From – Rob Jones – Dick Giordano – A. Machine – Joe Gutenberg
High Spot is quite the fun little romp. We’re dealing with a stunt woman that ends ups on a pretty big historical adventure. The type has been done before in both written media as well as the visual kind (movies/tv shows/etc), but this book dives deeper into the historical aspects than most of the other efforts in this area. For me, that was a welcome change.
On the set, our main character (Kate Carter) is tasked with turning a self-absorbed actor into Teddy Roosevelt. The guiding purpose behind why is unclear but there is some mention about his father wanting him to take this on. The actor’s father also maybe wants him to be Alexander the Great? Not entirely sure. However, this is where (for me) the welcome change to the ‘using history’ comes in. Kate and the crew actually go out to study Alexander the Great in order to take on what they’ve been tasked. They aren’t already experts and aren’t set up to be (a certain professor that also flew spaceships). THIS is the set up and as they go out to study and the comic book caper aspect takes over with everything going every which way. Down the lane they go with all sorts of danger.

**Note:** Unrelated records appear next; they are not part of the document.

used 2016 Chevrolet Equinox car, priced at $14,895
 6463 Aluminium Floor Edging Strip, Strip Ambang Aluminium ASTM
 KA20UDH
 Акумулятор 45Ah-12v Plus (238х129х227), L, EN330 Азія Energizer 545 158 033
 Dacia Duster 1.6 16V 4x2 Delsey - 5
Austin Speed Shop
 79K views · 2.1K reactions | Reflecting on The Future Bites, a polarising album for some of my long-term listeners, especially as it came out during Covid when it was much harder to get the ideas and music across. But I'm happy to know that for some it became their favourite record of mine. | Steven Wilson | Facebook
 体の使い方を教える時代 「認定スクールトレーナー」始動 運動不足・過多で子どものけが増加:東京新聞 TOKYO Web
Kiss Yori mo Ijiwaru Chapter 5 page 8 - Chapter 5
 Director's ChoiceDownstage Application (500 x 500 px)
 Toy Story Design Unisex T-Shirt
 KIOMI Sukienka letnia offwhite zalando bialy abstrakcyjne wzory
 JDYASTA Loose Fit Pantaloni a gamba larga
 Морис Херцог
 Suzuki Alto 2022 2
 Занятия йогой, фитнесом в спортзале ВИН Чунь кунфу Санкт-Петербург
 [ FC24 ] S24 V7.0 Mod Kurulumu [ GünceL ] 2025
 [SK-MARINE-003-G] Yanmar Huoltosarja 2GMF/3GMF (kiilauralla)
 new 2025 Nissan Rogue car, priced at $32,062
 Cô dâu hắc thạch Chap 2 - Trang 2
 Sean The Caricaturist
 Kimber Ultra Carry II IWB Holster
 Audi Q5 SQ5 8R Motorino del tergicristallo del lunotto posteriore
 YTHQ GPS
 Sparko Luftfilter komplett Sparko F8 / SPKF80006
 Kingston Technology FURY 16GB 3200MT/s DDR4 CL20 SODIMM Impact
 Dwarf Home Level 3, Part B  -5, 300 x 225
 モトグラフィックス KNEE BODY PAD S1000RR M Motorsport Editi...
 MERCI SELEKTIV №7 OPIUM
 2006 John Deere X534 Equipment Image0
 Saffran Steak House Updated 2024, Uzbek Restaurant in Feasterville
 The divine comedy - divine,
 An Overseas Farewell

The books are very reader friendly and actual bring a good deal of attention to the history that is being used within them. Again, I very much enjoyed that the history in the books isn’t just a prop or device. Visually the books feel very “real” in many aspects. For instance, when watching tv shows some LOOK like tv shows, others look like you’re a silent person watching right there where everything is. The art is much more like the latter. The art itself and the coloring go well together in bringing this look to the story. There are areas though, where the art is given the opportunity to shine.
There are some bumps here and there but nothing that made me want to stop reading or give the book a pass over. I enjoyed the story thus far and the pull of the detail to the history is enough in of itself for me to want a third issue. I also enjoy the fact that the book features a female lead but lacks an agenda. The story just happens to have come to life with the main character being who she is. That’s a nice chance of pace to many books hitting the shelves right now.
Overall I liked it and am interested to see where it goes from here.